Question

If $y = \tan^{-1}(\frac{3x - x^3}{1-3x^2}) + \tan^{-1}(\frac{7x}{1-12x^2})$, then at $x=0$, $\frac{dy}{dx} =$

• A. 6
• B. 7
• C. 9
• D. 10

Hint:

Chain rule of differentiation. At $x=0$, the derivative simplifies significantly.

Answer 1

The Correct Option is D

To find the derivative of \( y \) with respect to \( x \) at \( x = 0 \), where \( y = \tan^{-1}\left(\frac{3x - x^3}{1 - 3x^2}\right) + \tan^{-1}\left(\frac{7x}{1 - 12x^2}\right) \), we will use the derivatives of inverse tangent functions and sum rule of differentiation. The derivative of \( \tan^{-1}(u) \) with respect to \( x \) is \( \frac{1}{1+u^2}\cdot\frac{du}{dx} \).

Let \( u_1 = \frac{3x - x^3}{1 - 3x^2} \) and \( u_2 = \frac{7x}{1 - 12x^2} \).
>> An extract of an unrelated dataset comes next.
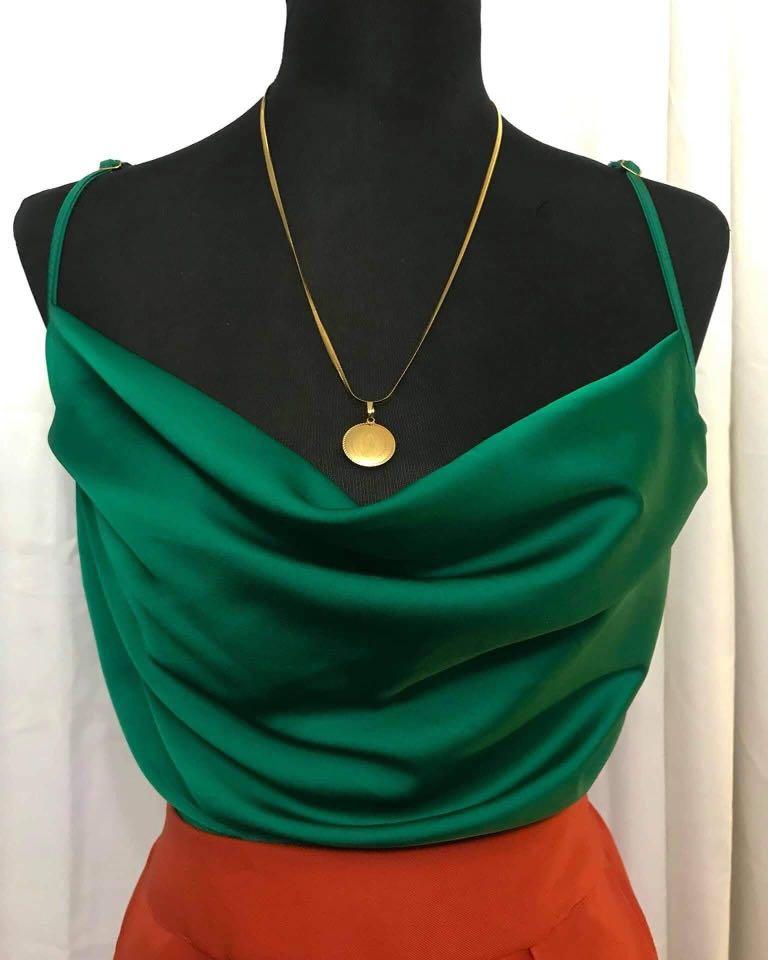 Affordable Trendy Tops! (Category: Others Tops) located in Baliuag. Submitted by laraphil (Listing ID 244284240, Image 3). Description: Pls send me a message for prices! Very affordable and trendy 🥰.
We differentiate each:

For \( u_1 \):
\(\frac{du_1}{dx} = \frac{(1-3x^2)(3 - 3x^2) - (3x-x^3)(-6x)}{(1-3x^2)^2}\)
\(= \frac{3 - 9x^2 + 9x^4 + 18x^2 - 6x^4}{(1-3x^2)^2}\)
\(= \frac{3 + 9x^2 + 3x^4}{(1-3x^2)^2}\)

Substituting back at \( x = 0 \), \(\frac{du_1}{dx}\Big|_{x=0} = \frac{3}{1} = 3\).

Thus, \(\frac{d}{dx}\left(\tan^{-1}(u_1)\right)\Big|_{x=0} = \frac{1}{1+(u_1{\big|_{x=0}})^2} \cdot \frac{du_1}{dx}\Big|_{x=0} = \frac{1}{1+(0)^2} \cdot 3 = 3\).

For \( u_2 \):
\(\frac{du_2}{dx} = \frac{(1-12x^2)(7) - (7x)(-24x)}{(1-12x^2)^2}\)
\(= \frac{7 - 84x^2 + 168x^2}{(1-12x^2)^2}\)
\(= \frac{7 + 84x^2}{(1-12x^2)^2}\)

Substituting back at \( x = 0 \), \(\frac{du_2}{dx}\Big|_{x=0} = \frac{7}{1} = 7\).

Thus, \(\frac{d}{dx}\left(\tan^{-1}(u_2)\right)\Big|_{x=0} = \frac{1}{1+(u_2{\big|_{x=0}})^2} \cdot \frac{du_2}{dx}\Big|_{x=0} = \frac{1}{1+(0)^2} \cdot 7 = 7\).

Then, combine derivatives for both inverse tangent functions using the sum rule:
\(\frac{dy}{dx}\Big|_{x=0} = 3 + 7 = 10\).

Therefore, the value of \(\frac{dy}{dx}\) at \( x = 0 \) is 10.